Problem:
Of the lines in the data below, count the ones holding the string "Glow", and answer with that number only.

Short web captions:

^^^^

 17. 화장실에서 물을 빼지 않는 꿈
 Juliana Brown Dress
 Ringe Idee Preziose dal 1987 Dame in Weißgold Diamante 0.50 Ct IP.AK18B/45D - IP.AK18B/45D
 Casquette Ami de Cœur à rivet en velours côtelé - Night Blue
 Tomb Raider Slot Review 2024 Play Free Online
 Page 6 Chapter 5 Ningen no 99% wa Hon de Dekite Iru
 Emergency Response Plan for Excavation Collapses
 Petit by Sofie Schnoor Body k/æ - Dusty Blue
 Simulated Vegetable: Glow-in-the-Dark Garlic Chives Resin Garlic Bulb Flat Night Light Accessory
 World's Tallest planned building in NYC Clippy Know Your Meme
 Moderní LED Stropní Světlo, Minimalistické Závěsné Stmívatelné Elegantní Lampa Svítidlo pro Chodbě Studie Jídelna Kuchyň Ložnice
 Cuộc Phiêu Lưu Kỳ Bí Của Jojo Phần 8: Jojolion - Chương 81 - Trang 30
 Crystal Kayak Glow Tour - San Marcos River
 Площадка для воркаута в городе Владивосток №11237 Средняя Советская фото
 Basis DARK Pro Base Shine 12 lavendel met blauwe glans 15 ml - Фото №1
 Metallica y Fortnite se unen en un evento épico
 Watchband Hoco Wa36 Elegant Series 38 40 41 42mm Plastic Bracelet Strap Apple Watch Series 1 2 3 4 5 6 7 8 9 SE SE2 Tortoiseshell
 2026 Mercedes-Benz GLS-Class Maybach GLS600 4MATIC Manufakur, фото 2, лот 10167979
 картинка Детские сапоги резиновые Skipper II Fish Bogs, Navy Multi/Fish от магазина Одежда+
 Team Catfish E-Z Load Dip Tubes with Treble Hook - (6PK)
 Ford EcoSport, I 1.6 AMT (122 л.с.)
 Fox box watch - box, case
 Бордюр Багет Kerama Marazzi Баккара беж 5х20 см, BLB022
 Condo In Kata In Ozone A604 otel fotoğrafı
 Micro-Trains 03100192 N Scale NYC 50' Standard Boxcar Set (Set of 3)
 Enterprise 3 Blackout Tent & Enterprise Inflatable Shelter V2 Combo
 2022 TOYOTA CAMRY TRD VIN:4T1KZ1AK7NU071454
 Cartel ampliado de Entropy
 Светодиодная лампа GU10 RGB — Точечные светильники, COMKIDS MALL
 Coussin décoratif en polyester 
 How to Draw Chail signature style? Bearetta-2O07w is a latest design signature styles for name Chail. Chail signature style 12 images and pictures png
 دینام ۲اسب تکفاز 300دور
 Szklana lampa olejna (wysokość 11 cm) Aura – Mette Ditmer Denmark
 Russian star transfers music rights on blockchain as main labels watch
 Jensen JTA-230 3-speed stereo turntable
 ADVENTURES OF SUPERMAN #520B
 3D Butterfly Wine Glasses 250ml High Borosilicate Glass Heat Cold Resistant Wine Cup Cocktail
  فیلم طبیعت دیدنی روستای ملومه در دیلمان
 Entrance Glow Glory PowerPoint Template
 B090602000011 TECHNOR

^^^^

Answer to this exercise:
3